WHAT IS REQUIRED: Return the whole of the data exactly.

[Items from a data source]
Start of Block
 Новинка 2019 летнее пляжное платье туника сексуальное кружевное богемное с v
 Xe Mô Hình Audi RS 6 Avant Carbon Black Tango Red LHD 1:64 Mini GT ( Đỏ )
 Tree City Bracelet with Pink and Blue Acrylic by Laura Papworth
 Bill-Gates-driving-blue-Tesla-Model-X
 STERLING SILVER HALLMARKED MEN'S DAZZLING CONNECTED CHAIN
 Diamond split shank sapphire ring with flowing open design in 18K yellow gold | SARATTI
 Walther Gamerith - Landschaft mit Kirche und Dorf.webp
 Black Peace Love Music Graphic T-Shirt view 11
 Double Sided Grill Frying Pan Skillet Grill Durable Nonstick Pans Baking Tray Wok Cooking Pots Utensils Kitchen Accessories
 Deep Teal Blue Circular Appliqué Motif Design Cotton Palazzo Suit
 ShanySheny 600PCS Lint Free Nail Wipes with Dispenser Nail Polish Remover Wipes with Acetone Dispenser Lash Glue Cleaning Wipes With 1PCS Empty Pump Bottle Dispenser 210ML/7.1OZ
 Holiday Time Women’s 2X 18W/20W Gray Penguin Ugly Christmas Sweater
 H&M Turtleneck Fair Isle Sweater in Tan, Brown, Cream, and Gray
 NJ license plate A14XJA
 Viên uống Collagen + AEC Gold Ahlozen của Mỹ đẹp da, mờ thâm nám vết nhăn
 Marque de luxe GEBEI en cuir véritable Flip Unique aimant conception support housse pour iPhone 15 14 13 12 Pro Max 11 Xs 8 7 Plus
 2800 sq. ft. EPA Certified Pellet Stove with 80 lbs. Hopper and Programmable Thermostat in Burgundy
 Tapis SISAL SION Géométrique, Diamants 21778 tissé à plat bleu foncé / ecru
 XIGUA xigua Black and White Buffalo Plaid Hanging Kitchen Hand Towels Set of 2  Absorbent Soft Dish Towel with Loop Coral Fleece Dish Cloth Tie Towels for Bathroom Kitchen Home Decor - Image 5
End of Block
SOLUTION TO THE EXERCISE:
 Новинка 2019 летнее пляжное платье туника сексуальное кружевное богемное с v
 Xe Mô Hình Audi RS 6 Avant Carbon Black Tango Red LHD 1:64 Mini GT ( Đỏ )
 Tree City Bracelet with Pink and Blue Acrylic by Laura Papworth
 Bill-Gates-driving-blue-Tesla-Model-X
 STERLING SILVER HALLMARKED MEN'S DAZZLING CONNECTED CHAIN
 Diamond split shank sapphire ring with flowing open design in 18K yellow gold | SARATTI
 Walther Gamerith - Landschaft mit Kirche und Dorf.webp
 Black Peace Love Music Graphic T-Shirt view 11
 Double Sided Grill Frying Pan Skillet Grill Durable Nonstick Pans Baking Tray Wok Cooking Pots Utensils Kitchen Accessories
 Deep Teal Blue Circular Appliqué Motif Design Cotton Palazzo Suit
 ShanySheny 600PCS Lint Free Nail Wipes with Dispenser Nail Polish Remover Wipes with Acetone Dispenser Lash Glue Cleaning Wipes With 1PCS Empty Pump Bottle Dispenser 210ML/7.1OZ
 Holiday Time Women’s 2X 18W/20W Gray Penguin Ugly Christmas Sweater
 H&M Turtleneck Fair Isle Sweater in Tan, Brown, Cream, and Gray
 NJ license plate A14XJA
 Viên uống Collagen + AEC Gold Ahlozen của Mỹ đẹp da, mờ thâm nám vết nhăn
 Marque de luxe GEBEI en cuir véritable Flip Unique aimant conception support housse pour iPhone 15 14 13 12 Pro Max 11 Xs 8 7 Plus
 2800 sq. ft. EPA Certified Pellet Stove with 80 lbs. Hopper and Programmable Thermostat in Burgundy
 Tapis SISAL SION Géométrique, Diamants 21778 tissé à plat bleu foncé / ecru
 XIGUA xigua Black and White Buffalo Plaid Hanging Kitchen Hand Towels Set of 2  Absorbent Soft Dish Towel with Loop Coral Fleece Dish Cloth Tie Towels for Bathroom Kitchen Home Decor - Image 5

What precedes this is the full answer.